Sarah Dickinson, Plenty Mango

Sarah hard at work in the Caribbean

How did ‘Plenty Mango’ come into being?

For 40 years I have written a Christmas report on the activities of the Renton family during the past 12 months.  Not surprisingly, Montserrat had a starring role.  It wasn’t until about 3 years ago, when I was invited to give a series of illustrated talks ‘Living Under a Volcano’ on one of Fred Olsen’s cruise ships, that I dug out the letters.  And what a valuable history they provided.  At the end of each talk, I read directly from some of the letters and was surprised and gratified by how well they were received.  ‘You should put them in a book’, several people suggested.  So I did!  Obviously, Plenty Mango is very special to me, but I think what gives it an added attraction are John’s wonderful, quirky illustrations.  We have this catch phrase between us ‘I do the words, he does the pictures.’
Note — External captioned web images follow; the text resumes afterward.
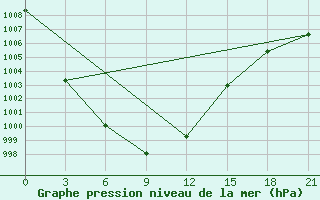 Courbe de la pression atmosphrique pour Moskva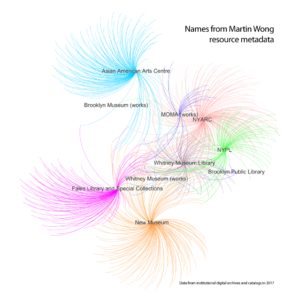 Wong_network_full_no_labels_with_title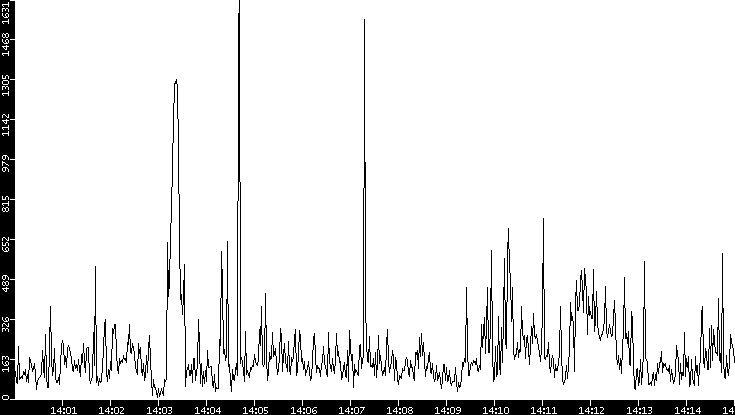 Throughput vs. Time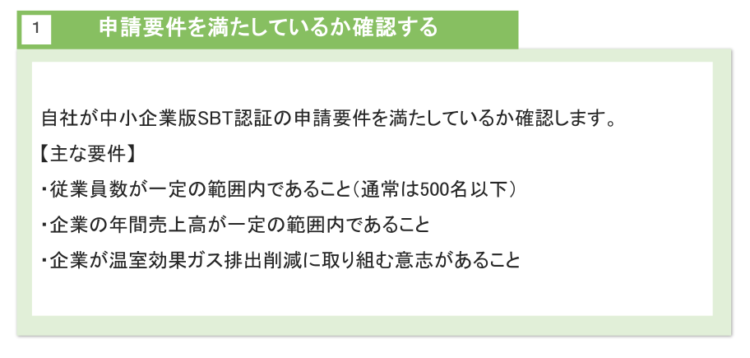 ①申請要件を満たしているか確認する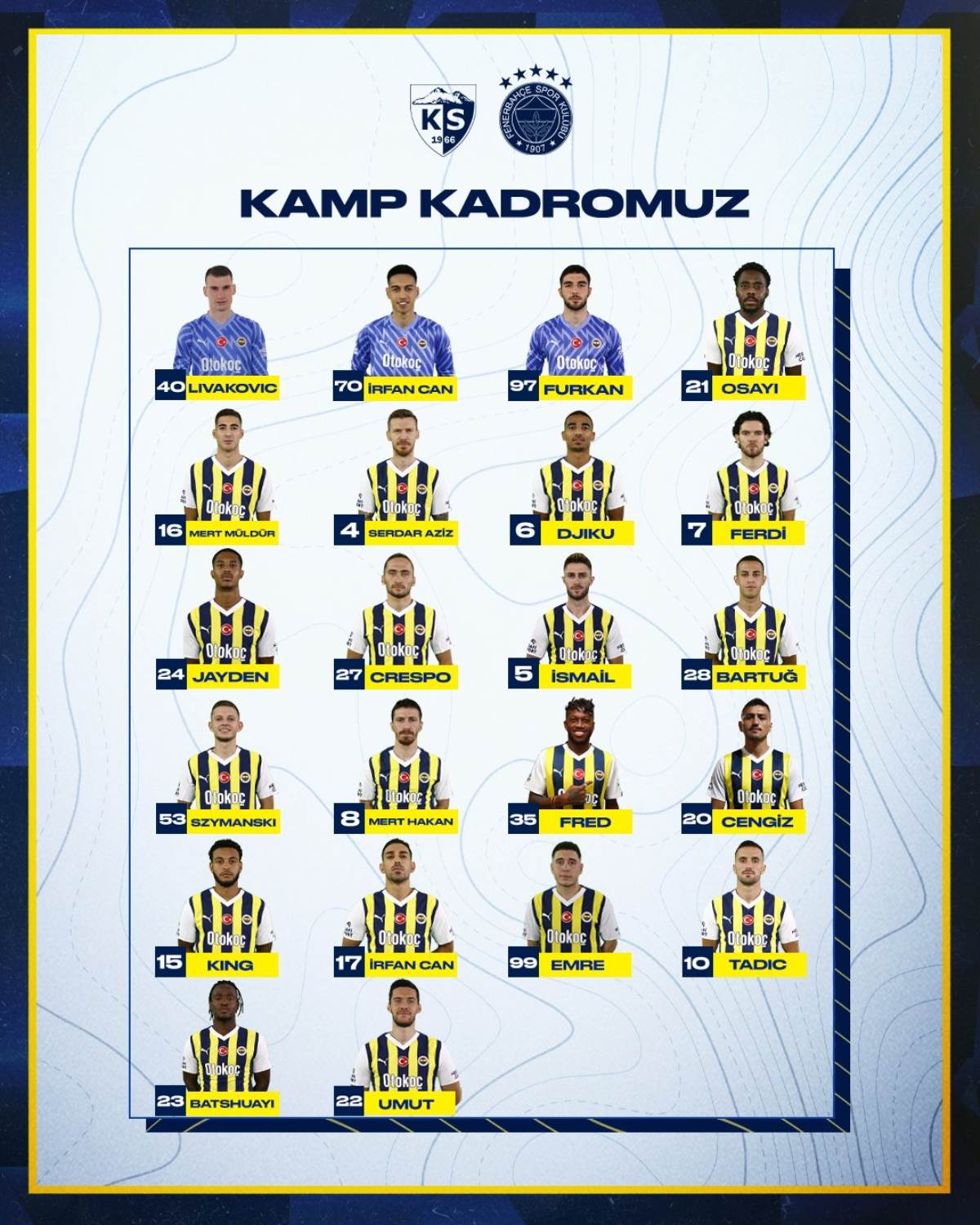 Fenerbahçe'de 4 eksik: Kayserispor maçının kamp kadrosu açıklandı!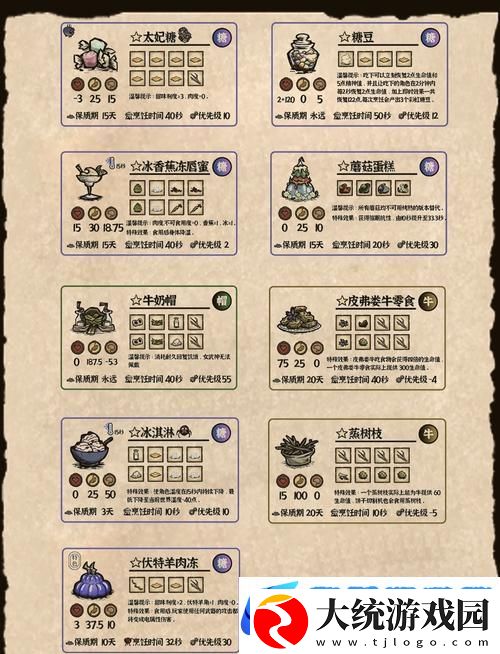 饥荒海滩新食谱揭秘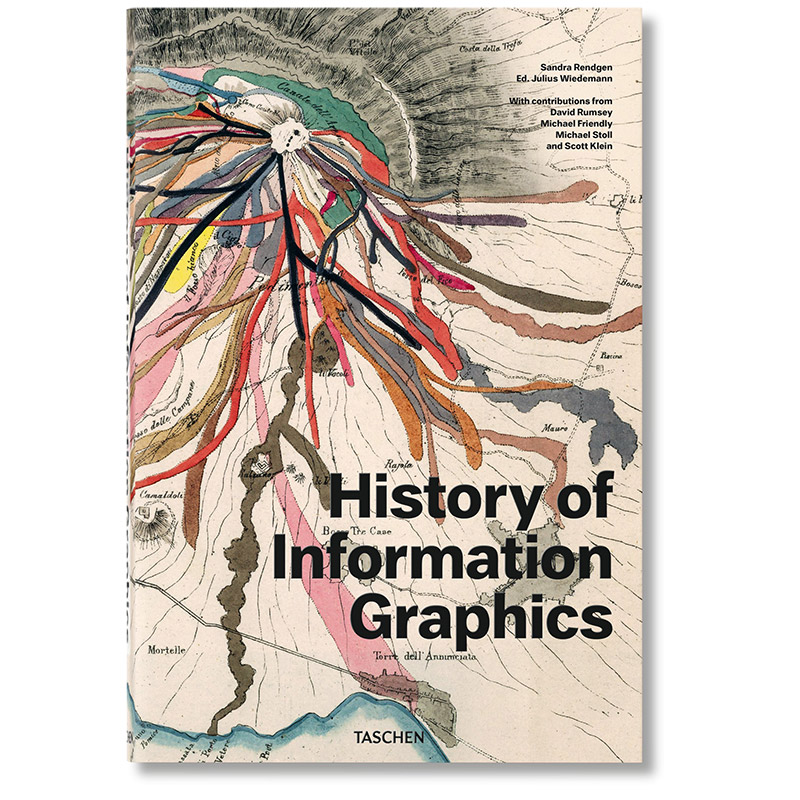 history of information graphics 信息图形设计的历史 英文原版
What’s the essence of the book?

I suppose Plenty Mango is a kind of love story, between two people who share a love for a tiny island in the West Indies which, despite the ructions of a volcano, is home to about 5,000 people who care about each other and are proud of their heritage.  Incidentally, it’s astonishingly beautiful.

I’ve structured the book as a series of illustrated postcards – word portraits about its history, traditions, myths and, most importantly, its people.

I believe you still live part of the year in Montserrat?  How has your experience of the volcano affected your life and relationships there over the years?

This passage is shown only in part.